Instructions for Returning to Earth

LOG REF: RE‑ENTRY 0001 // INSTRUCTIONS FOR RETURNING TO EARTH
Personal transmission, unscheduled. Partial data stream. Signal unstable. May include unreliable narration.


ACT I: ORBITAL DRIFT

Mission Phase: Cognitive Orbit. Unscheduled Excursion.

You left again, didn’t you.

Not physically. You showed up. You answered emails. You even replied to that text about weekend plans.

But you left.

You were halfway through making coffee when you started reworking a story that doesn’t exist yet. You were brushing your teeth and drifted into a conversation you will never have. You forgot where your body was. Again.

This is not a malfunction. This is your base layer. You think in loops. You move through the world like it is background ambiance to a thought you have not caught yet. You tell someone you will respond in five minutes, and an hour later you are researching something completely unrelated because it somehow connects to a feeling you cannot name.

You watch steam rise from a mug like it is trying to tell you something. You compose entire monologues while doing the dishes and forget to rinse the plate.

Someone asks if you are alright and you say, “Just tired.”
Which is technically true. Technically everything is.

Orbit does not feel bad. That is what makes it dangerous.

Up here, everything is quiet and smooth. No friction. Just soft silence and ideas that come easier when Earth is out of focus.

Time becomes abstract. The body becomes hypothetical. You forget what hunger means, but start obsessing over the shape of an old memory that has been bothering you for years.

You build whole cities inside your head. A version of your life where you said the right thing, or said it in time. A version where you understood everything sooner. A version where you were better, calmer, kinder, braver.

Meanwhile there are socks on the floor. Unopened mail. A blinking oil change light. A friend’s message you still have not answered.

Your ship is made of unfinished drafts and questions. The kind that end with, “But what if that is not true anymore?”

Sometimes something cuts through the signal.
A name. A song. A smell.

And suddenly you remember Earth exists.

You do not want to come back.
But you are not sure you can stay.


ACT II: ATMOSPHERIC REENTRY

Mission Phase: Descent. Thermal Stress. Systems Overload.

Reentry does not ask. It drags.

You are in the middle of rewriting the past for the hundredth time and suddenly the microwave beeps. A notification lands. Someone says your name and it does not sound like music anymore.

Gravity does not return all at once. It creeps. A slow, heavy pull. The pressure behind your eyes that reminds you that you are just renting your body.

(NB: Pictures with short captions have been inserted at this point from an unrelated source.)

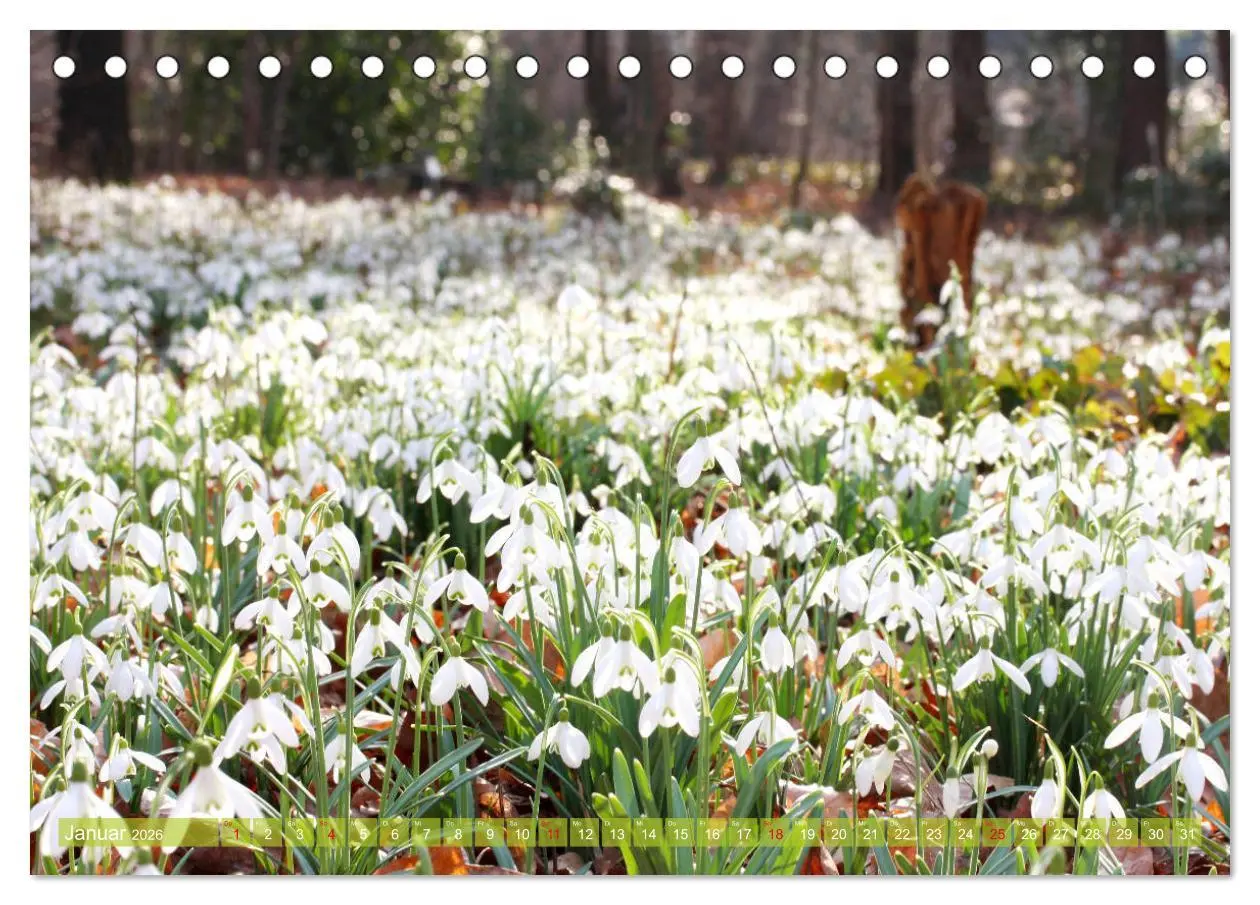 Bild: 9783457703090 | Weiße Frühlingsblüten (Tischkalender 2026 DIN A5 quer), CALVENDO...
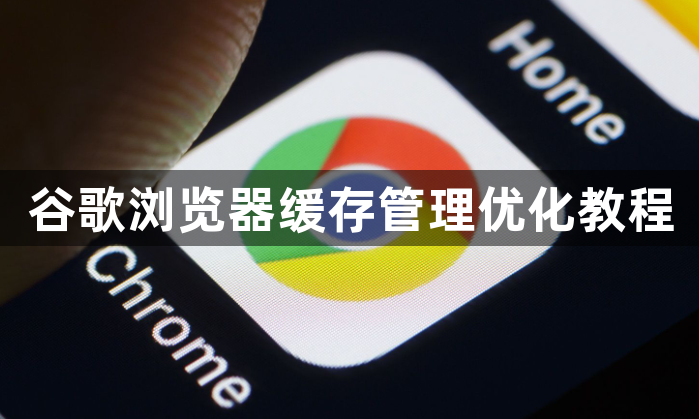 谷歌浏览器缓存管理优化教程1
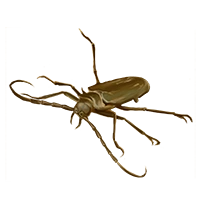 Huge item harlequinlonghornbeetle 01.png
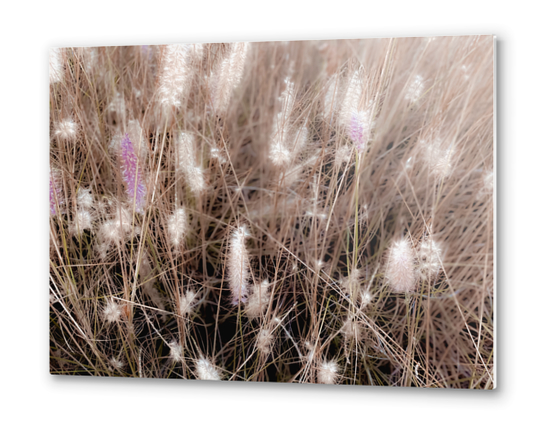 Closeup blooming grass flowers field texture background Metal prints by Timmy333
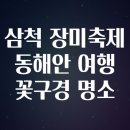 장미수산 | 삼척 장미축제 동해안 여행 꽃구경 명소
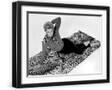 Black Frame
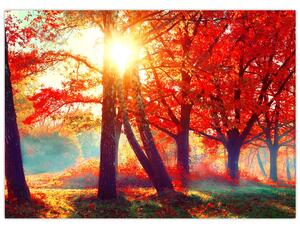 Obraz - Podzimní krajina (70x50 cm)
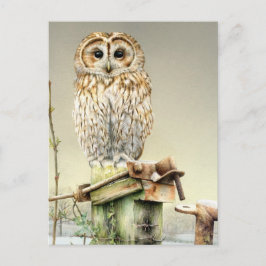 Tawny Uil in de Sneeuw fine art waterverf briefkaa Briefkaart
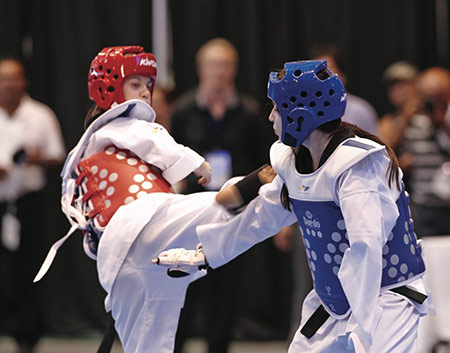 2015 is set to be a busy year for the sport of para-taekwondo after it was given a spot on the Paralympic programme at Tokyo 2020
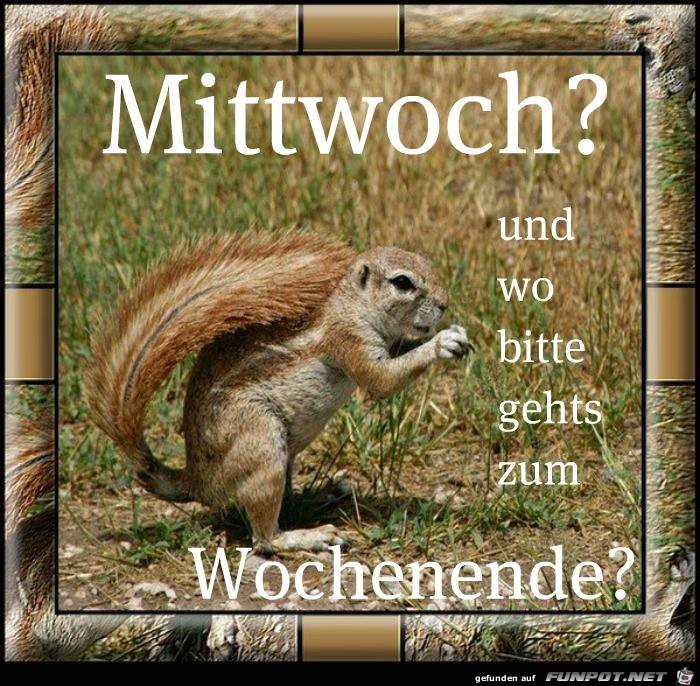 Mittwoch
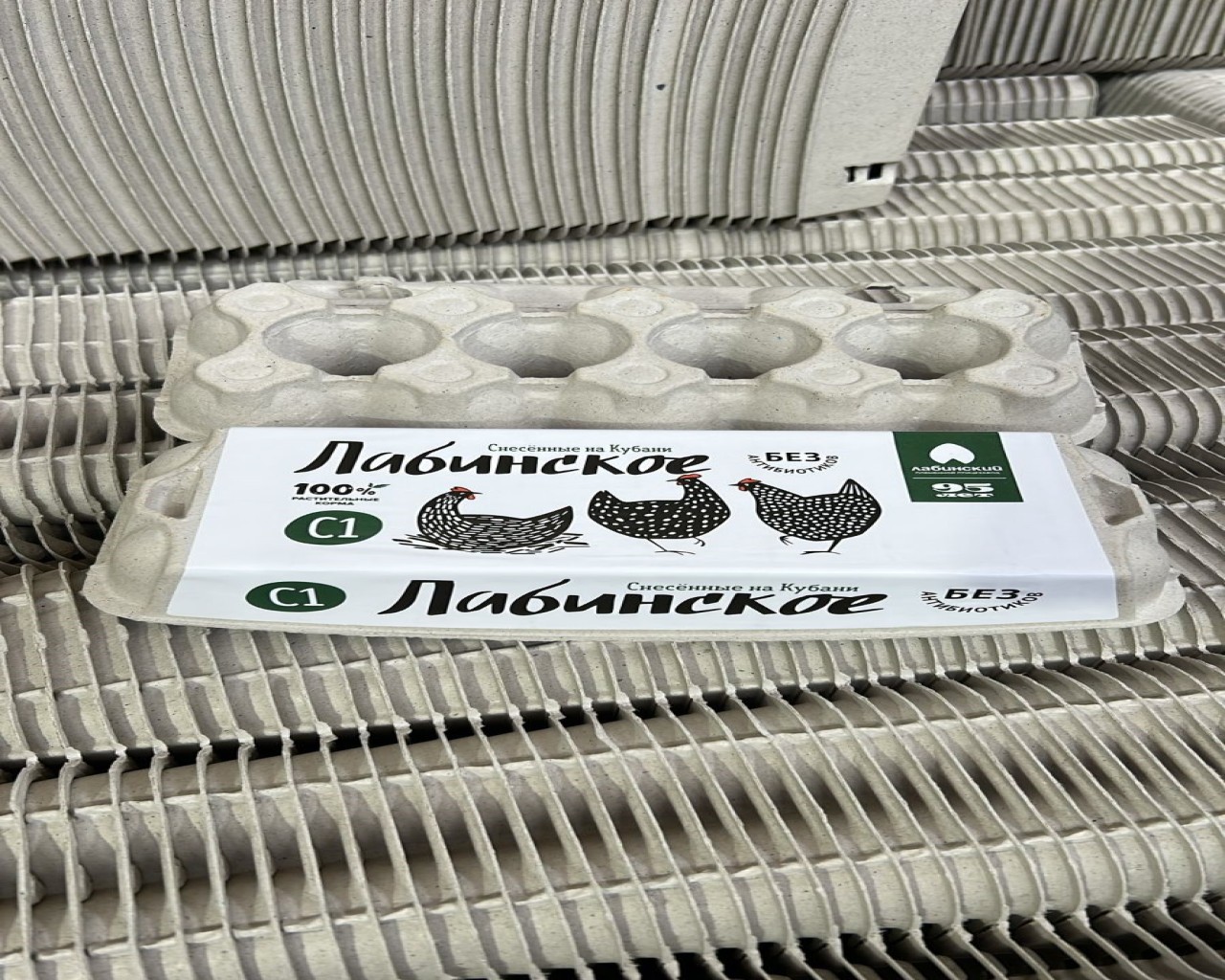 Изображение слайда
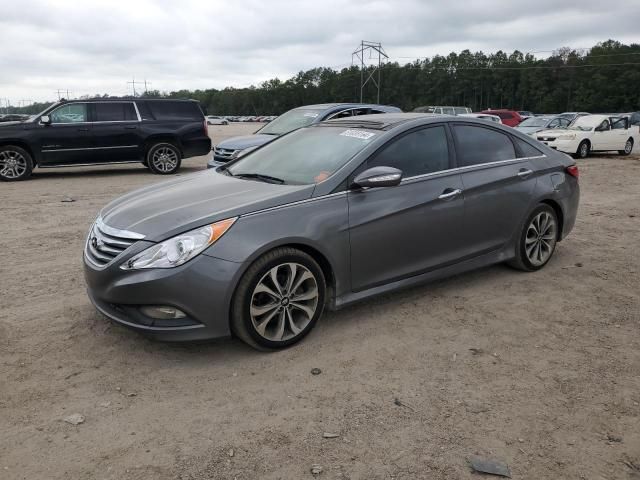 2014 Hyundai Sonata SE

You try to respond. You smile with the wrong muscles. You pretend to understand a question and hope no one notices the lag.

Everything feels louder. Edges sharper. Words more literal. You have to remind yourself that language here does not bend to metaphor.

You answer a message. Badly.

You wash the same dish twice. You put on a shirt inside out and pretend it was on purpose. You laugh in the wrong part of the conversation and someone tilts their head.

Still, something holds.

You take inventory:
Coffee consumed.
Pants worn.
Deadlines not missed yet.

It counts. All of it.

You cross something off a list and stare at the line like it means something.

You apologize to someone and mean it. You reread a message twice before sending. You fold a blanket and sit beside it like it owes you something.

Reentry does not mean you are ready.

It just means you remembered where Earth is.
It just means you are pointed in that direction.


ACT III: SURFACE REACQUISITION

Mission Phase: Ground Stabilization. Intermittent Presence Accepted.

You are here.

Mostly.

You still lose your thoughts mid-sentence. Still start cleaning your room and end up emotionally dismantling something someone said to you five years ago. Still disappear sometimes without moving.

But you are learning how to stay a little longer each time.

There is no grand return. No hero’s welcome. Just the moment your feet remember the ground and your brain stops sprinting.

You start naming things again. The plants. The stove. The light that hits the floor in the afternoon and makes you want to write something you will not show anyone.

You begin to forgive the version of you that left. You begin to trust the version that showed back up.

You let the day happen without rewriting it. You sit through discomfort without narrating it. You text a friend not to apologize, but just to say, “I was thinking about that time you made me laugh so hard I forgot what month it was.”

Some part of you still leaves. That is okay.

The point is not staying always.

The point is knowing how to come back.

Earth is still weird. But it has coffee. And grocery stores. And people who know your name without asking you to explain why you disappeared for a while.

You are not entirely here. You never are.

But you are close enough to reach.

Transmission suspended.
Return incomplete.
Coordinates stable.
For now.


LOG REF: FINAL // TRANSMISSION SUSPENDED. Return incomplete. Presence re-establishing. Coordinates stable. For now.